El ruido fue lo que más sorprendió a Aurelia. Entraba por todas partes: de la calle, de la escalera a los pisos de arriba, del patio de luces… hasta el suelo parecía retumbar. Chillidos, maldiciones, golpes, conversaciones a voz en grito, altercados con vituperios, niños de pecho que lloraban, críos berreando, hombres y mujeres que tosían y escupían, una banda atronando con tambores y timbales, canciones, mugidos de bueyes, balidos de ovejas, mulas y asnos que rebuznaban, carros con infernal traqueteo y risotadas.
—¡Oh, no podremos ni siquiera pensar! —dijo Aurelia conteniendo las lágrimas—. ¡Cayo Julio, cuánto lo siento! ¡No había pensado en el ruido!
El joven César era lo bastante inteligente y sensible para darse cuenta de que, en parte al menos, aquel arrebato de nervios se debía, más que al ruido, a la tensión provocada por la precipitación de los últimos días en los preparativos de la boda. El mismo la había sufrido, ¿cómo no iba a ser mayor en su mujercita?

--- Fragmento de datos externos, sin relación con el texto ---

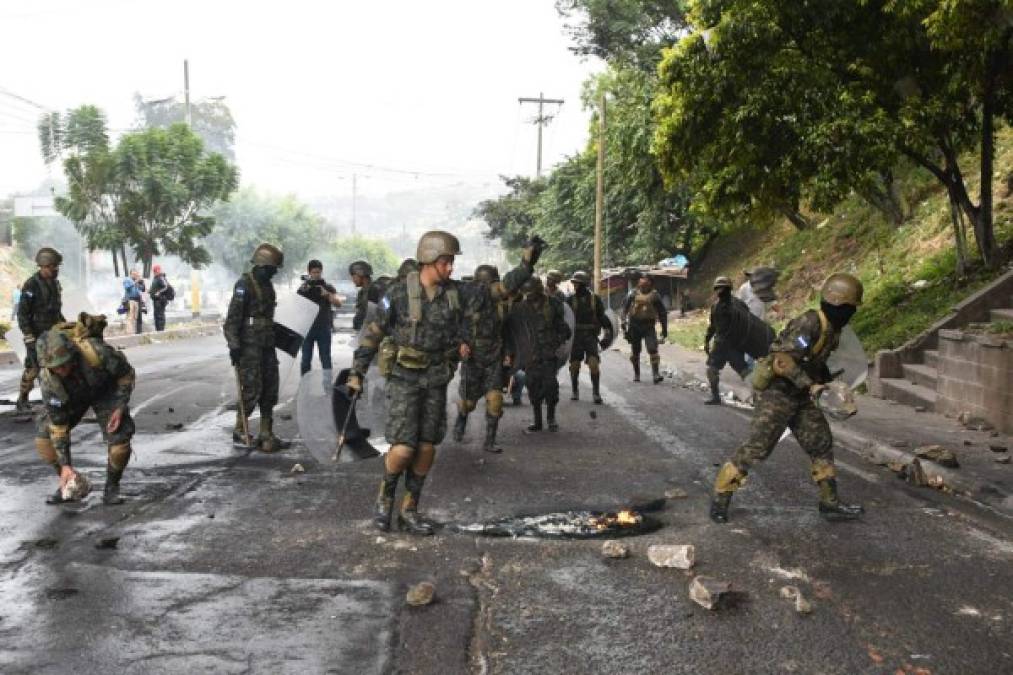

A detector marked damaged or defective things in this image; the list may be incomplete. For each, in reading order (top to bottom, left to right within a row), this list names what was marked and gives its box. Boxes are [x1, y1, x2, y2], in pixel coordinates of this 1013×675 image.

cracked asphalt road [0, 334, 1008, 668]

—No te preocupes, ya nos acostumbraremos —replicó riendo—. Ya verás como dentro de un mes ni nos damos cuenta. Además, en el dormitorio no se oirá tanto —añadió, cogiéndola de la mano y notando que temblaba.
Desde luego, el cubículo dormitorio del paterfamilias, al que se accedía a través del despacho, era más tranquilo. Aunque era un cuarto totalmente oscuro y sin ventilación, de no dejar abierta la puerta del despacho, y, además, tenía un falso techo para guardar cosas.

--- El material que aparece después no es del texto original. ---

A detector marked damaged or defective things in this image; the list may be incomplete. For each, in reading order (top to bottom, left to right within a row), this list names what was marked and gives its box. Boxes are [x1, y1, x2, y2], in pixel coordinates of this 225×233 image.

El joven César dejó a Aurelia en el despacho y fue a por una lámpara al recibidor. Cogidos de la mano, entraron en el cubículo y se quedaron extasiados. Cardixa lo había llenado de flores, cubriendo el lecho con fragantes pétalos; junto a las paredes había dispuesto toda clase de floreros con rosas, hojas de vid y violetas, y en una mesa había un jarro de vino, otro de agua, dos copas de oro y una gran bandeja de pastelillos de miel.
Ninguno de los dos era tímido. Por ser romanos, estaban debidamente informados de las cuestiones sexuales, por discretos que fuesen. Todo romano que podía permitírselo prefería la intimidad para los asuntos del cuerpo, sobre todo si había que desnudarse, pero no eran personas inhibidas. Naturalmente, el joven César había tenido sus aventurillas, pero su rostro ocultaba su verdadero carácter, y, a juzgar por aquella cara, no se hubiese creído que, pese a sus dotes innegables, era fundamentalmente un hombre retraído, sin la fuerza y la resolución de los agresivos personajes políticos; un hombre en quien los demás podían confiar, pero más capaz de hacerlos progresar a ellos que de abrirse paso él.
La corazonada de Publio Rutilio Rufo había sido acertada: el joven César y Aurelia se compenetraban. Él era tierno, considerado, respetuoso y amante cálido más que impetuoso; quizá si la pasión le hubiera consumido, se la habría contagiado a ella; pero ninguno de los dos lo sabría. Hicieron el amor con delicadas caricias, suaves besos y sin precipitarse. Les satisfacía y se sentían inspirados. Y Aurelia pudo decirse para sus adentros que seguramente se habría ganado la incondicional aprobación de Cornelia, madre de los Gracos, porque había cumplido su obligación exactamente como Cornelia, madre de los Gracos, debía haberla cumplido, con un placer y un gozo que garantizaban que el acto en sí jamás rigiese su vida ni dictara su comportamiento fuera del lecho conyugal, y también garantizaba el que nunca detestara aquel lecho matrimonial.